ENTRIES PROVIDED START

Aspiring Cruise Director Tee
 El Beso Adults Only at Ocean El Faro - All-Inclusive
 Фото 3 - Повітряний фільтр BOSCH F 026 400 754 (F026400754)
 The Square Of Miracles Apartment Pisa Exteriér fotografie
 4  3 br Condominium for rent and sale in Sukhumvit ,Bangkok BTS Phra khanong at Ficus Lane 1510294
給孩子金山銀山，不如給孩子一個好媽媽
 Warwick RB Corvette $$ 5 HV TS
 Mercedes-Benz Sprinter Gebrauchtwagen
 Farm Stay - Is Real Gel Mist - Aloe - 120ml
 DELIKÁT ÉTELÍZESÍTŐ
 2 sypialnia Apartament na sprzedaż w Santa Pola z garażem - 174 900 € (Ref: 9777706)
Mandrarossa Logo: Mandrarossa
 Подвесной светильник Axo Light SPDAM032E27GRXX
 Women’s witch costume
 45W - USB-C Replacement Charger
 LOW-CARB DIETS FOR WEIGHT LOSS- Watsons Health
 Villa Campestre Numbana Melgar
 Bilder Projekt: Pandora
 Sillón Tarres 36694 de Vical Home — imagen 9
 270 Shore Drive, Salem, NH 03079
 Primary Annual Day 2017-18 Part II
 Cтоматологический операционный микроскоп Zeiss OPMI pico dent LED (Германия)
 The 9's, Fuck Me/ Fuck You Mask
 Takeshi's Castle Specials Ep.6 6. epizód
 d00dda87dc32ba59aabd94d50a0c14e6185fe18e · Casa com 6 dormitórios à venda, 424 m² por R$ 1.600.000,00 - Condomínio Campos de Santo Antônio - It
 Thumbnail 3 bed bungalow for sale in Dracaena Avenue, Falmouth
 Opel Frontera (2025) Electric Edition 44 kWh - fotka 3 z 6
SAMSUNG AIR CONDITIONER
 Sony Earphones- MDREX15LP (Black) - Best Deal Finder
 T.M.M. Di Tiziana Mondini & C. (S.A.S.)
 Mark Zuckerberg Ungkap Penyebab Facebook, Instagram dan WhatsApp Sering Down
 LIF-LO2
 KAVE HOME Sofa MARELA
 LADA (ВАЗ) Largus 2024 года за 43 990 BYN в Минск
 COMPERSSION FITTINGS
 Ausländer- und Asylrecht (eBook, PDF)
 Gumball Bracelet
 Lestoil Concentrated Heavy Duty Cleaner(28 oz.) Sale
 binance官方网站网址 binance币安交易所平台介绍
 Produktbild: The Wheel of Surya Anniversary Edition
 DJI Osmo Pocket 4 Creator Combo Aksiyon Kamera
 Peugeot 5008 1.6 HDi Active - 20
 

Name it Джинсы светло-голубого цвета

ENTRIES PROVIDED END

▶ _WORK REQUEST_:
Please, from the entries above, set down exactly the lines from the one containing "Bilder Projekt: Pandora" through the one containing "KAVE HOME Sofa MARELA", and only those.

▶ _RESPONSE TO THE EXERCISE_:
 Bilder Projekt: Pandora
 Sillón Tarres 36694 de Vical Home — imagen 9
 270 Shore Drive, Salem, NH 03079
 Primary Annual Day 2017-18 Part II
 Cтоматологический операционный микроскоп Zeiss OPMI pico dent LED (Германия)
 The 9's, Fuck Me/ Fuck You Mask
 Takeshi's Castle Specials Ep.6 6. epizód
 d00dda87dc32ba59aabd94d50a0c14e6185fe18e · Casa com 6 dormitórios à venda, 424 m² por R$ 1.600.000,00 - Condomínio Campos de Santo Antônio - It
 Thumbnail 3 bed bungalow for sale in Dracaena Avenue, Falmouth
 Opel Frontera (2025) Electric Edition 44 kWh - fotka 3 z 6
SAMSUNG AIR CONDITIONER
 Sony Earphones- MDREX15LP (Black) - Best Deal Finder
 T.M.M. Di Tiziana Mondini & C. (S.A.S.)
 Mark Zuckerberg Ungkap Penyebab Facebook, Instagram dan WhatsApp Sering Down
 LIF-LO2
 KAVE HOME Sofa MARELA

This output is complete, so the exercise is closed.